Elogio delle stampelle

La cosa bella di quando cammini con le stampelle, ammesso che possa essercene una, è che hai sempre ragione. Anche quando hai torto.

Perché una persona con le stampelle non sa muoversi bene, poverina, quindi immette nell’animo altrui quel senso di resa e di compassione che sono necessari per sentirsi abbastanza in colpa da farsi da parte.

Si pensa che uno che cammina con le stampelle (o che si muove su una sedia a rotelle, si veda il caso), solo per il fatto di essere diversamente deambulante (Alfano ci ha massacrati!) non possa anche essere tremendamente stronzo e prepotente. E questo, chiaramente è falso.

La cosa che mi piace di più delle mie stampelle sono i catarifrangenti. Tre centimetri quadrati di plastica rossa che si illumina all’illuminazione dei veicoli. Poter andare in giro anche col buio, col sopraggiungere dell’autunno, mi dà un senso di sicurezza incredibile. Peccato che non ci siano i riscaldamenti.

Quando attraverso la strada (ovviamente sulle strisce e col semaforo verde, perché le stampelle ti aiutano a essere rispettoso delle regole) c’è sempre qualcuno che inchioda con la macchina per evitare di prendermi sotto. E la soddisfazione più grande è dirgliene di tutti i colori, tanto quello sta zitto perché sei uno zoppino che attraversa la strada sulle strisce e col semaforo a favore. Le signore con stampelle sono avvantaggiate perché possono aggiungere un liberatoria “Maschio sciovinista!” che male non fa mai.
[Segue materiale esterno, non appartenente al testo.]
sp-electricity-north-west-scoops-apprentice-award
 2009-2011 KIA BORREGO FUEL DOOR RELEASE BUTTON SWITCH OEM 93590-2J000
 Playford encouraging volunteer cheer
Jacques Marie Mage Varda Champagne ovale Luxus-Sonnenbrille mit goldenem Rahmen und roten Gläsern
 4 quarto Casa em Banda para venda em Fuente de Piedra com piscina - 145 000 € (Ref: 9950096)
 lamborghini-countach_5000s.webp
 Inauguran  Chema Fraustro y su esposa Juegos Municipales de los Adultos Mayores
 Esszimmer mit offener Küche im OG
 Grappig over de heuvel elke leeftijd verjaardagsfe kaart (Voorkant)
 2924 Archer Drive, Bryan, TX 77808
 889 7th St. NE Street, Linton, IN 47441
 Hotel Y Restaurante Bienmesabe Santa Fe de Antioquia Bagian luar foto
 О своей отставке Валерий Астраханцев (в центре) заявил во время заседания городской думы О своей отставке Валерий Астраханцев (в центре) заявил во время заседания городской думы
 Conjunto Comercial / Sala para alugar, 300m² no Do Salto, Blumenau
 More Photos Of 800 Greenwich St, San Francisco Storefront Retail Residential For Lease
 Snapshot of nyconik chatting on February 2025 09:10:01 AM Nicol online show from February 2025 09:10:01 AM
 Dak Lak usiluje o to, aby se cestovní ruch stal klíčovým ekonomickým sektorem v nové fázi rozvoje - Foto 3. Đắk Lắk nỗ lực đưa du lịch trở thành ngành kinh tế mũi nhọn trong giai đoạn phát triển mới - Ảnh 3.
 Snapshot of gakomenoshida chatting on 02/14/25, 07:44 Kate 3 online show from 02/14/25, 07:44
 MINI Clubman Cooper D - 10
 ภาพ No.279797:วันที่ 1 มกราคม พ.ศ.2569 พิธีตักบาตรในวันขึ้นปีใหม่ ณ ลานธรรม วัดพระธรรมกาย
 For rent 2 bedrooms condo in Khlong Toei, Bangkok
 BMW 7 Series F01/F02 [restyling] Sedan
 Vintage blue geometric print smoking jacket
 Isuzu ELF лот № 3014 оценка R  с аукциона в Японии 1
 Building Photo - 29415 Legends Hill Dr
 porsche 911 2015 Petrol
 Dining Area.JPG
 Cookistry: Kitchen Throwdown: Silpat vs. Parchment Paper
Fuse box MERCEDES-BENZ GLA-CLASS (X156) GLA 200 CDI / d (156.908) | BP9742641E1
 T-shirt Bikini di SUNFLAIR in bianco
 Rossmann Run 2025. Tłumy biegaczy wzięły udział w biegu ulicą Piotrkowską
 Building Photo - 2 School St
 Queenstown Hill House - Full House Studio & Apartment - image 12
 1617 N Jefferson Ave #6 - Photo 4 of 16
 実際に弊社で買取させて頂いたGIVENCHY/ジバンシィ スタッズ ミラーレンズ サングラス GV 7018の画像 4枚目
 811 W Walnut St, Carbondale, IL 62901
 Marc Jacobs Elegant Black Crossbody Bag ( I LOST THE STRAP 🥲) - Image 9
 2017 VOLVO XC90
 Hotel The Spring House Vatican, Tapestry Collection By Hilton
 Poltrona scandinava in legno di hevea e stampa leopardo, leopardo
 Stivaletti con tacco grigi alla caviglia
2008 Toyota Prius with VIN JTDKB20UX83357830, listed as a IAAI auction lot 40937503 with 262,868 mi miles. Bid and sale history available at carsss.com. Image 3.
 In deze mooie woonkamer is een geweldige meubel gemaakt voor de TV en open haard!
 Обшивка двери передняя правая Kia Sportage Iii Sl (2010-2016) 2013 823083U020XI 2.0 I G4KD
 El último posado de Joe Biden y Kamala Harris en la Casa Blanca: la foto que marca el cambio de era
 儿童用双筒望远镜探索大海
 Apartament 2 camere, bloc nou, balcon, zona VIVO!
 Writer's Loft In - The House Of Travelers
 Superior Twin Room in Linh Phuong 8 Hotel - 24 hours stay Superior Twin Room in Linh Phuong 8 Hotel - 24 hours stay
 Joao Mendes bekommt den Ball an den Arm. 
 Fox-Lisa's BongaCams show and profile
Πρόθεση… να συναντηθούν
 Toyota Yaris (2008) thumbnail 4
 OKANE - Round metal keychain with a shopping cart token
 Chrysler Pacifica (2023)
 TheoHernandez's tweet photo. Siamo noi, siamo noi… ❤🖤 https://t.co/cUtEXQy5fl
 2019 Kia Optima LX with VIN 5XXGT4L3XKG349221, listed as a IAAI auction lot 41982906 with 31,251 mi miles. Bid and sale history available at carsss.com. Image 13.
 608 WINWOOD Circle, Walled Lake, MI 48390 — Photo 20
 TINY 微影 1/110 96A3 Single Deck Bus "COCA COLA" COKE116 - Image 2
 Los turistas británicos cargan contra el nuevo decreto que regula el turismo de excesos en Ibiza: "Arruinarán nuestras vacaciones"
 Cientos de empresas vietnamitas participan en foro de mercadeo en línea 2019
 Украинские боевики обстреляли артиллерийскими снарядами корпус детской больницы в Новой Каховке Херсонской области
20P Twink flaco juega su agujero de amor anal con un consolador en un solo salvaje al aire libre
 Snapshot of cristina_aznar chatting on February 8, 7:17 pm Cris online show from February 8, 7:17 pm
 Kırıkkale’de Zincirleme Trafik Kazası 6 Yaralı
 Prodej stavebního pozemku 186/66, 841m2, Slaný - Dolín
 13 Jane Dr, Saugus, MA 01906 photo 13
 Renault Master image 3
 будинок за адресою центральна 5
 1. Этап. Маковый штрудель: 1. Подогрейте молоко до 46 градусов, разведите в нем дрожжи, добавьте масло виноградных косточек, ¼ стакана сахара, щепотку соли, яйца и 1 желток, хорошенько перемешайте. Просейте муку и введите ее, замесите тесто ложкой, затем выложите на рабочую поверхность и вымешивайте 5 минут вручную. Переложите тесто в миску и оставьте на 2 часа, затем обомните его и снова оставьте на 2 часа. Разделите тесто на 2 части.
Stamattina una signora aveva ostruito con la macchina uno scivolo per carrozzelle dal marciapiede. Sono arrivato con le stampelle e l’ho guardata dritta negli occhi. Sembravo Clint Eastwood in “Per un pugno di dollari”. Era spaventata davvero. E’ rientrata nella macchina, l’ha messa in moto per spostarla ma non si accendeva più. Il ferrovecchio ha tossito tre o quattro volte prima di muoversi. La signora era in un bagno di sudore. “Oddìo, oddìio, mi scusi…” e va beh, mi scusi un accidente, cosa crede che ce li mettano a fare gli scivoli in cima e in fondo ai marciapiedi, perché poi viene lei a rendere difficile il passaggio alle povere persone prive di capacità di muoversi come me che guardi qui, poverino, come sono invalido…

In breve, avere le stampelle autorizza ad essere cattivi, e questo è bellissimo.

La cattiveria più grande è quella di qualche giorno fa. Una ragazza piuttosto giovane, ma sposata, è seduta in macchina e parla al cellulare col suo amante. O, forse, con un suo confidente. Mentre parla armeggia con un altro cellulare. Probabilmente scrive a qualcuno. Passo. Dice “…ma sei scemo? Ma lo sai che se ci scopre mio marito ci ammazza tutti e due?…” Supero la macchina (stampelle brum-brum) e mi dirigo verso casa. La scema mette in moto e sgomma nella mia direzione a velocità sostenuta. Mi nota e frena, guardandomi come per dire “Mi scusi ma pensavo ad altro”. Io le dico che se suo marito la becca e la corca ben bene non sarebbe nemmeno una cattiva idea, e vedo il sangue crearle un rossore subitàneo sul viso.

Fàtevele anche voi un paio di stampelle!